Yesterday, I heard a report on NPR about the resource management department in North West Washington, in response to diminished funding – is certifying private boats for emergency duty in clean up, security, and rescue.  This is logical because nobody knows and understands the waters of Northern Puget Sound and The Strait of Juan De Fuca than the local tribes and others who ply those waters daily.

Today, I heard another report on NPR about how the City of Houston has gained far more from the demise of Enron than their existence.  Enron would recruit the top intellect in the country, move them to Houston and reward them for creativity and hard work.  The collapse of Enron released 4000 hugely talented people to the Houston Economy where many have started new businesses with remarkable success.

Vicious Circle or Virtuous circle:

I will not pass judgment beyond what these reports stated, except that there is something very valid about the “Knowledge Inventory” that exists in a community and their specific location.  The Jane Jacobs externality proposes that endowment of creative and educated people drives economic growth in a community by attracting investment and development, which attracts more smart people, etc.

Vicious Galaxies or Virtuous Galaxies

As the NPR reports suggest, the type of investment and development is dependent on the quality and quantity of knowledge assets that exist in a particular location.  Now, let’s extrapolate that to include all disciplines and talents of knowledge that exist in all communities and we encounter a stark reality that there is no knowledge inventory from which to build – except in the response to a failure such as the corrosion of government spending or in the wake of corruption and associated corporate collapse.

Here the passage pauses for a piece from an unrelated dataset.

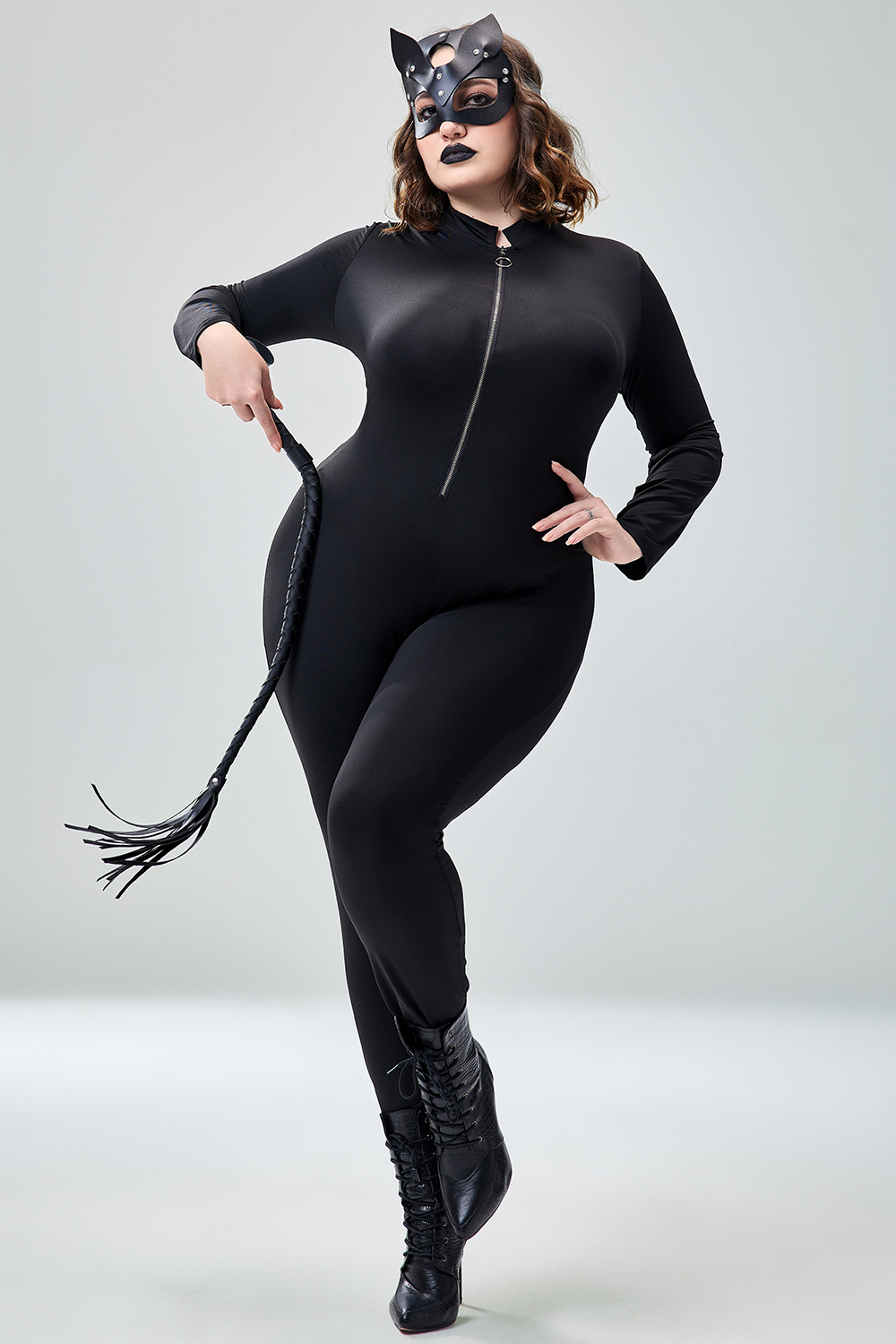 Xpluswear Design Plus Size Halloween Costume Gothic Black Zipper Long Sleeve Knitted Jumpsuit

Yes, it is often said that adversity brings out the best in people, but is that really necessary?  Do we really need for the whole rig to collapse before we emerge from the ashes? 

We need to build the knowledge inventory today.  People need to know what people know – that is where the truth lives.   We need to know what can be built from the parts that we have in the bin.  We don’t want to try to build something from the wrong parts any more than we want to misallocate the right parts to build the wrong things.  In any industry in the world, none of these situations would pass the stink test, yet this is the state of our communities today.  We don’t even know that we don’t know what we know.  Seriously, is anyone else wondering about these things?